Top of GIVEN MATERIAL

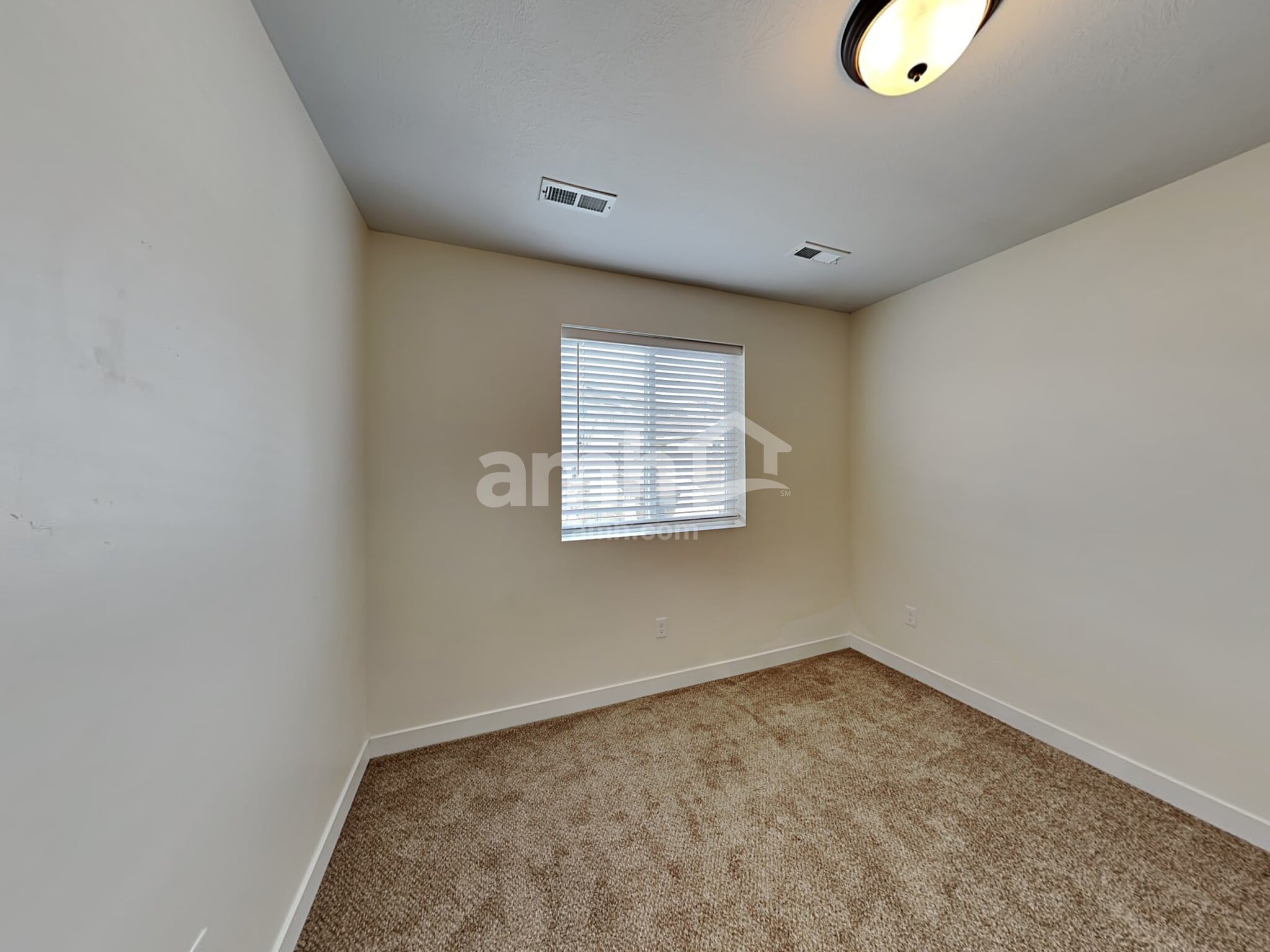 Building Photo - 317 W Willow Creek Dr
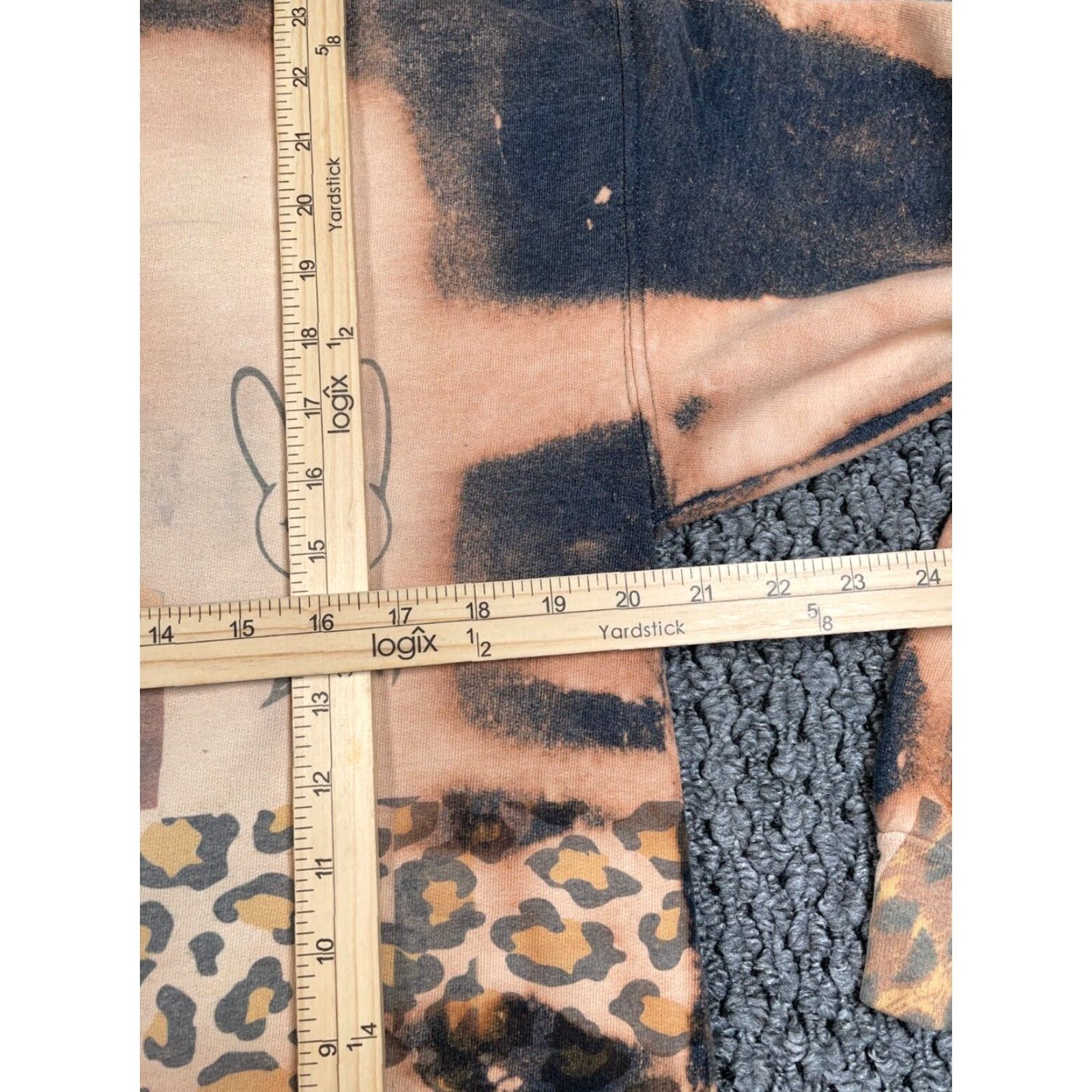 Hanes Bad Bunny Sweatshirt Crewneck Adult Medium Black Tie Dye Leopard Print Pullover Cotton Blend Hanes Shirt Men Size US M / EU 48-50 / 2 - 7 Thumbnail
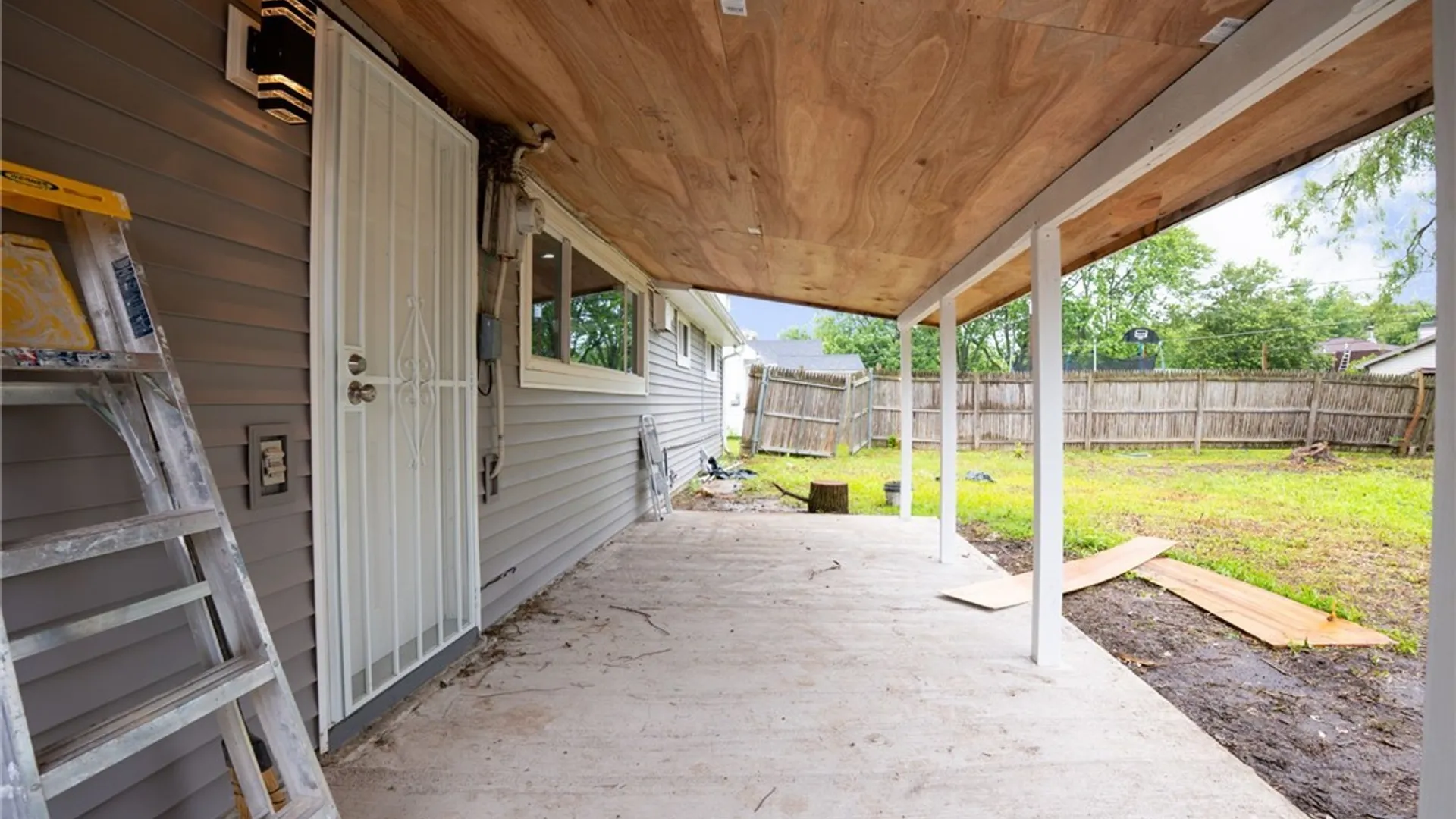 Property at 1889 Broadway, Grand Island, NY 14072 10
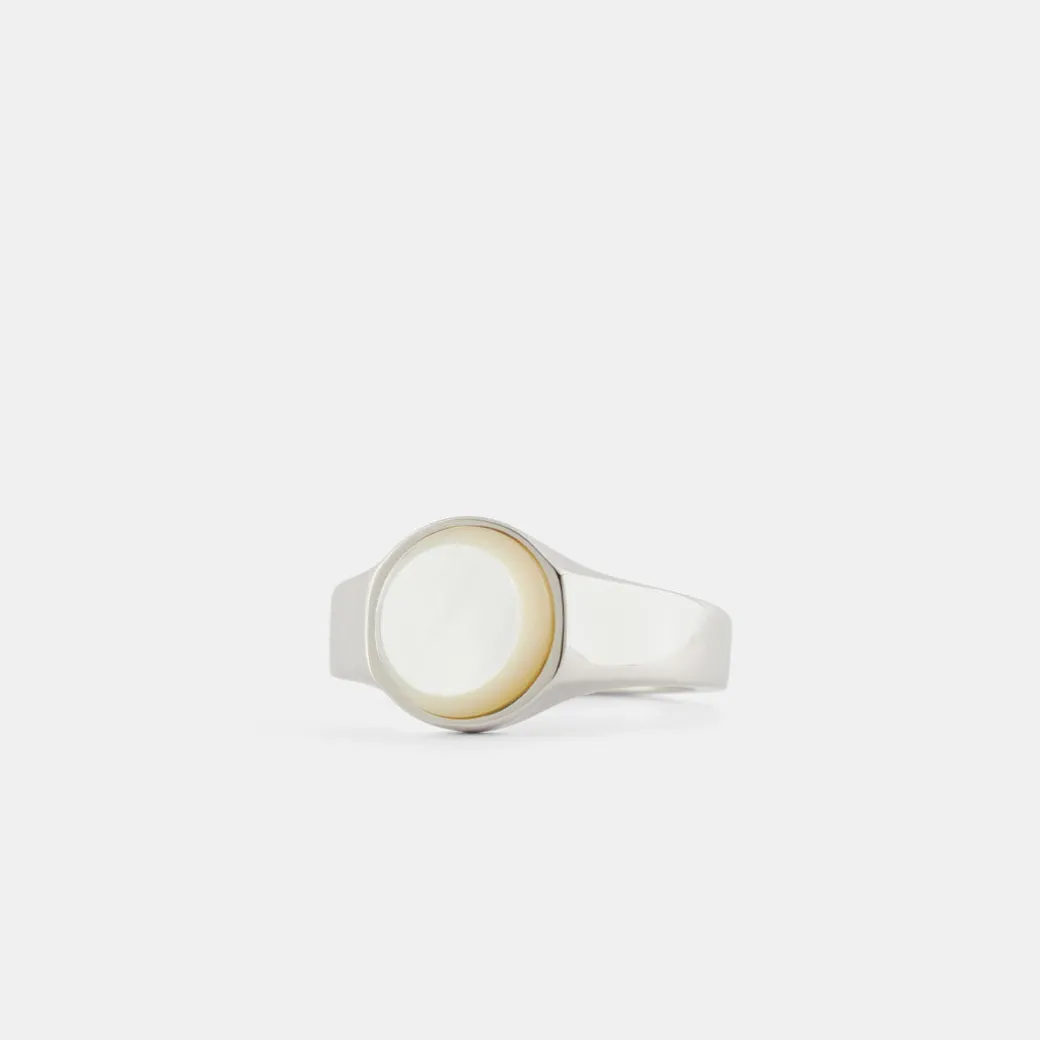 Silver Round Mother Of Pearl Ring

Bottom of GIVEN MATERIAL

Word-for-word transcription: the whole listing, with images excluded.

 Building Photo - 317 W Willow Creek Dr
 Hanes Bad Bunny Sweatshirt Crewneck Adult Medium Black Tie Dye Leopard Print Pullover Cotton Blend Hanes Shirt Men Size US M / EU 48-50 / 2 - 7 Thumbnail
 Property at 1889 Broadway, Grand Island, NY 14072 10
 Silver Round Mother Of Pearl Ring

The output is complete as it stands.